### EXERCISE BRIEF
Please make sure what you return matches the listing below exactly, minus its pictures.
Start of DATA EXCERPT
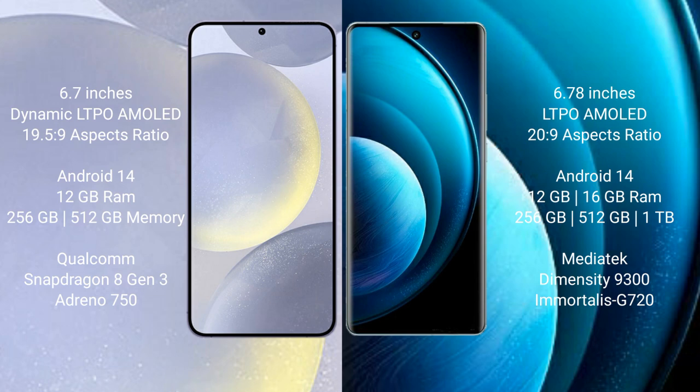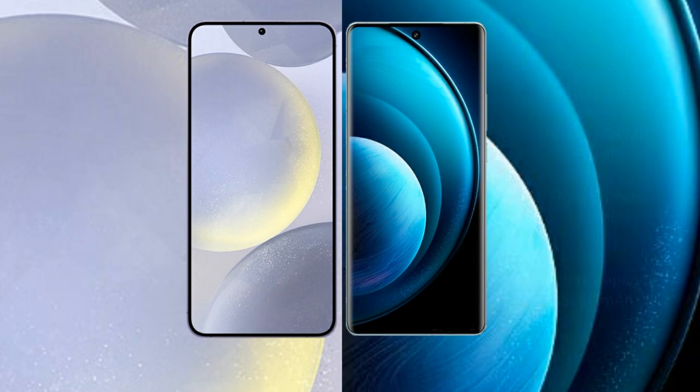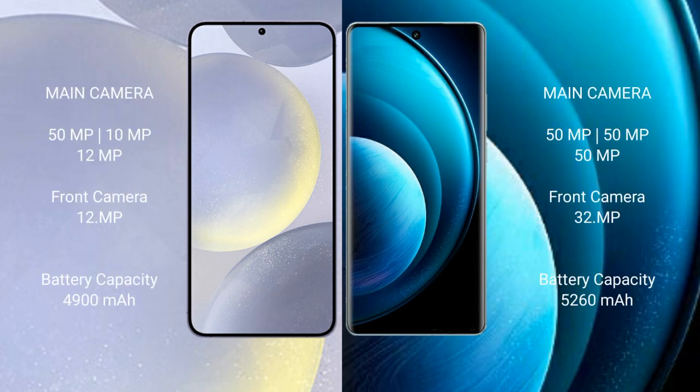The Samsung Galaxy S24 Plus features the Qualcomm Snapdragon 8 Gen 3 processor with an Adreno 750 GPU. The Vivo X100 Pro comes with 12GB or 16GB RAM and 256GB, 512GB, or 1TB internal storage, powered by the MediaTek Dimensity 9300 processor with a GPU G720.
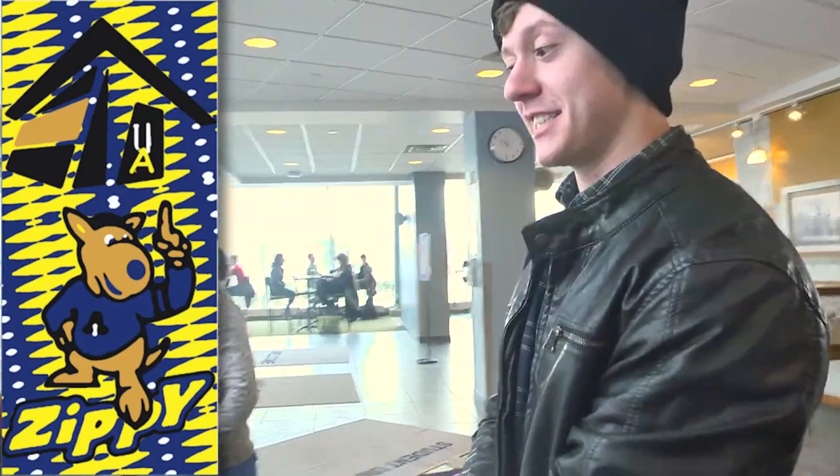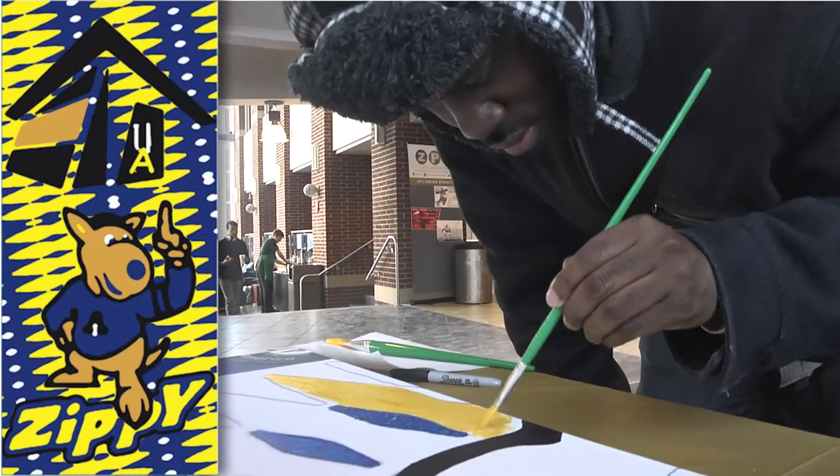I just thought it would be cool to paint something that a million other people painted. This is my first time. I like to draw from time to time. It's about community pulling together and creating whatever we create.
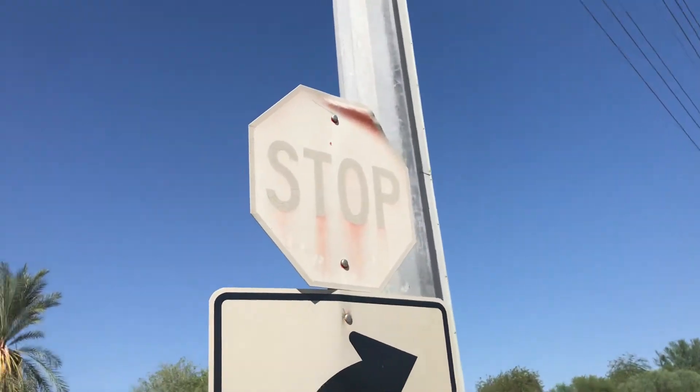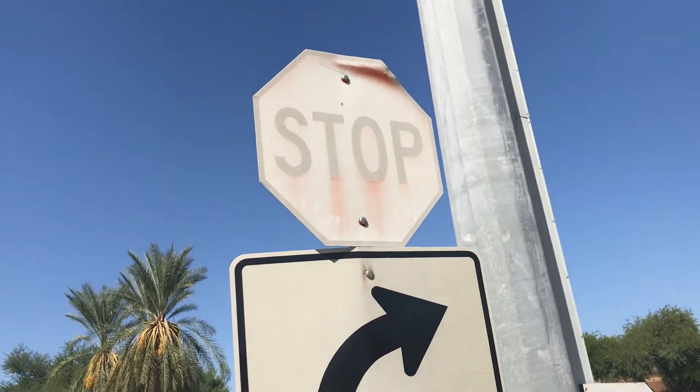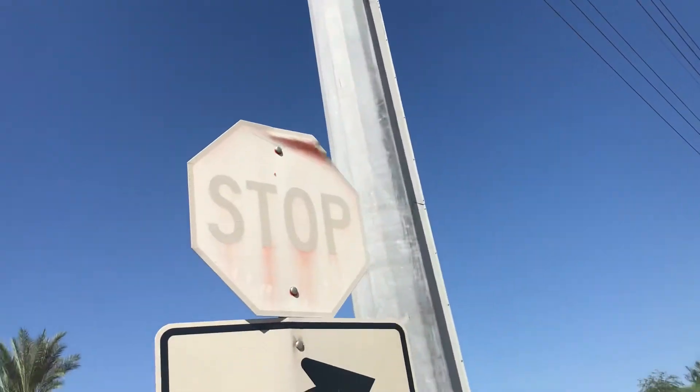You can just see how worn out it is. It's so white and you can just see the original printing. It's seen better days.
End of DATA EXCERPT
### TASK ANSWER
The Samsung Galaxy S24 Plus features the Qualcomm Snapdragon 8 Gen 3 processor with an Adreno 750 GPU. The Vivo X100 Pro comes with 12GB or 16GB RAM and 256GB, 512GB, or 1TB internal storage, powered by the MediaTek Dimensity 9300 processor with a GPU G720.
I just thought it would be cool to paint something that a million other people painted. This is my first time. I like to draw from time to time. It's about community pulling together and creating whatever we create.
You can just see how worn out it is. It's so white and you can just see the original printing. It's seen better days.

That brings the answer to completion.